Mulheres negras em mesa de debate

Pesquisadoras rebatem fala de Lula sobre ministra negra no STF 

Lançamento do estudo "Mulheres negras pela transformação do Poder Judiciário” faz parte das mobilizações por ministra negra no STF

Por Beatriz de Oliveira

27|09|2023

Alterado em 27|09|2023

Lançado nesta terça-feira (26), o estudo “Mulheres negras pela transformação do Poder Judiciário” é mais uma das ações realizadas por organizações do movimento negro por uma ministra negra no Supremo Tribunal Federal (STF). O material, publicado pelo movimento Mulheres Negras Decidem, resgata a contribuição de juristas negras e analisa a atual composição do Poder Judiciário, evidenciando a falta de diversidade.

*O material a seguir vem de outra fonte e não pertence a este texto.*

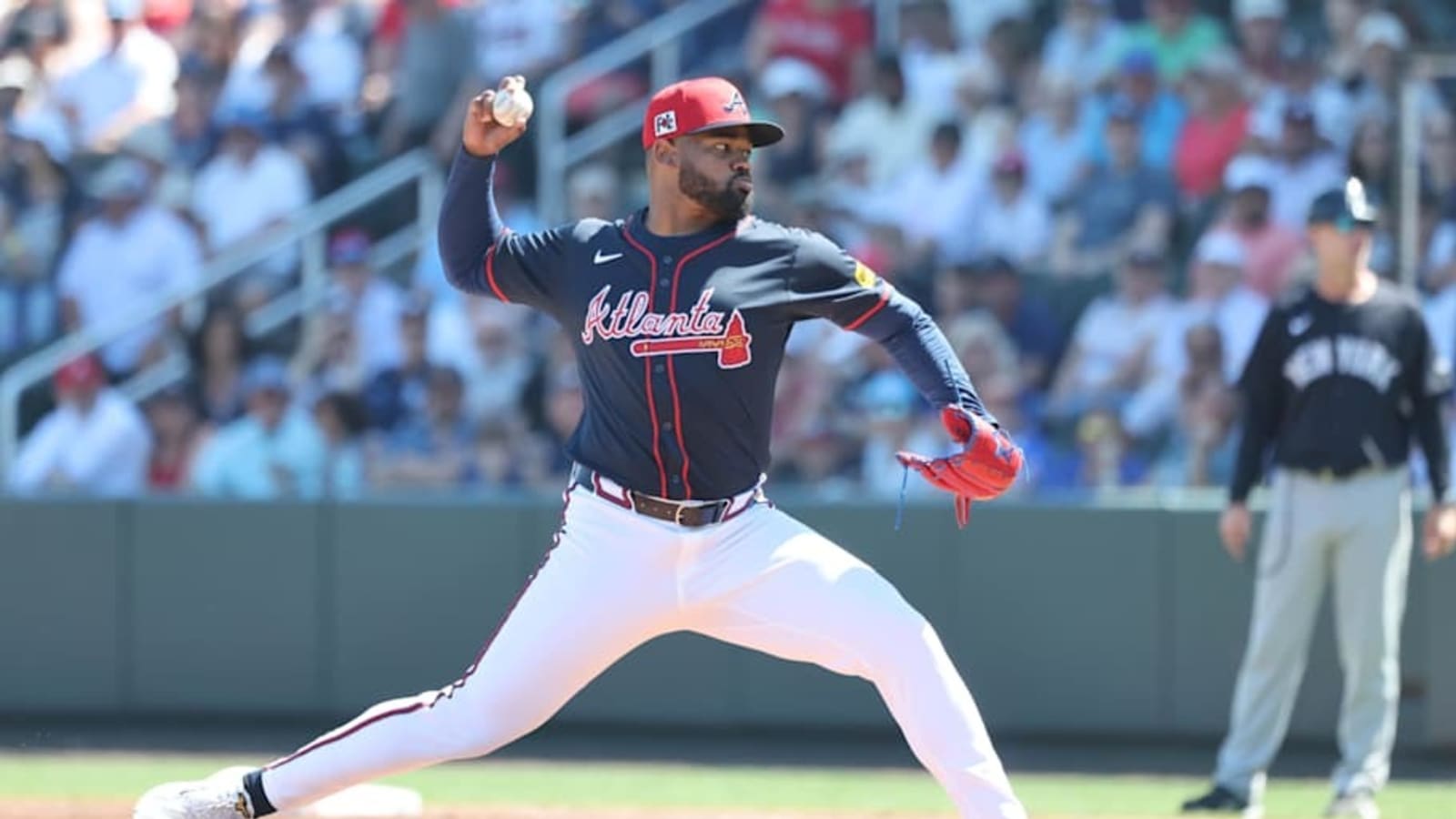 Braves SP Reynaldo López Shut Down From Throwing For Next Several Weeks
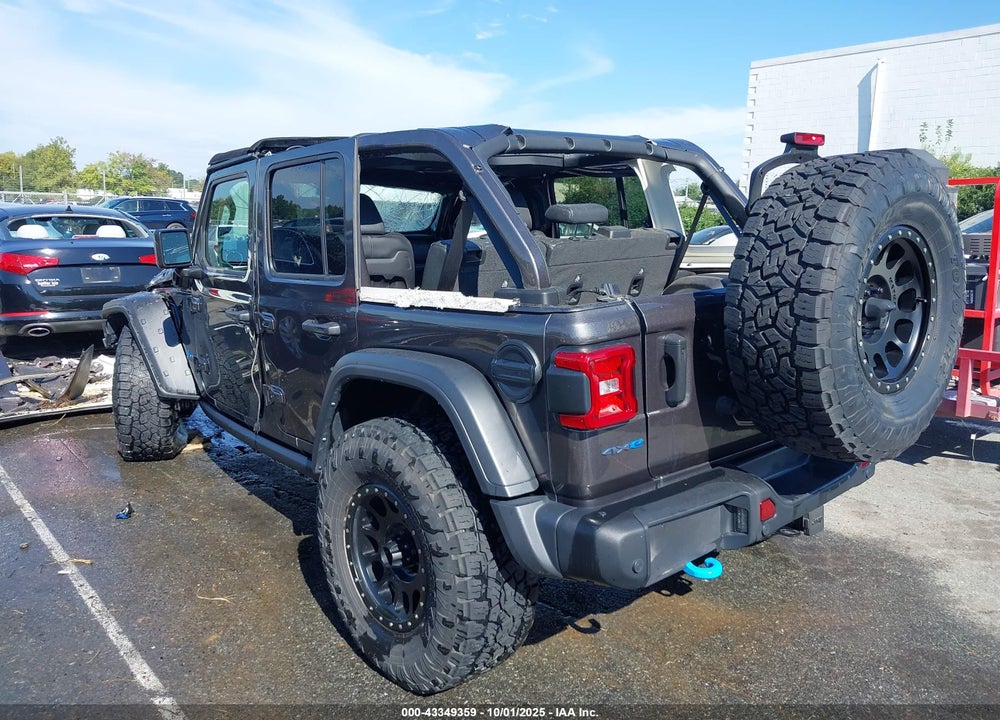 2022 JEEP WRANGLER / VIN: 1C4JJXR65NW218134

Com base em dados do Conselho Nacional de Justiça (CNJ), o relatório aponta que 83,8% dos magistrados (profissionais que atuam no Poder Judiciário) são brancos. Além disso, em 36 dos 92 dos tribunais não há nenhum magistrado preto. “O judiciário reproduz a lógica excludente do racismo”, pontua a Rosana Rufino, advogada e Presidente da Comissão da Verdade Sobre a Escravidão Negra no Brasil (OAB-SP).

O documento destaca a mobilização de juristas negros para a ampliação do debate sobre gênero e raça no meio jurídico. Um exemplo é o “I Encontro Nacional de Juízas e Juízes Negros, realizado em 2017. Entre os resultados das movimentações, está o Pacto Nacional do Judiciário pela Equidade Racial, lançado em 2019 pelo CNJ. 

Estudo em papel e microfone

Estudo "Mulheres negras pela transformação do Poder Judiciário”

©Milena Sampaio

As autoras do relatório ressaltam a importância das trajetórias de nomes como o de Esperança Garcia, mulher negra escravizada que escreveu uma carta ao governador de sua capitania denunciando as situações de maus tratos que ela e seus companheiros sofriam. Como os elementos da carta a caracterizam como uma petição, ela é considerada a primeira advogada do Brasil. Além disso, Mary de Aguiar Silva é reconhecida como a primeira juíza negra do Brasil, por sua atuação como juíza de direito a partir de 1962.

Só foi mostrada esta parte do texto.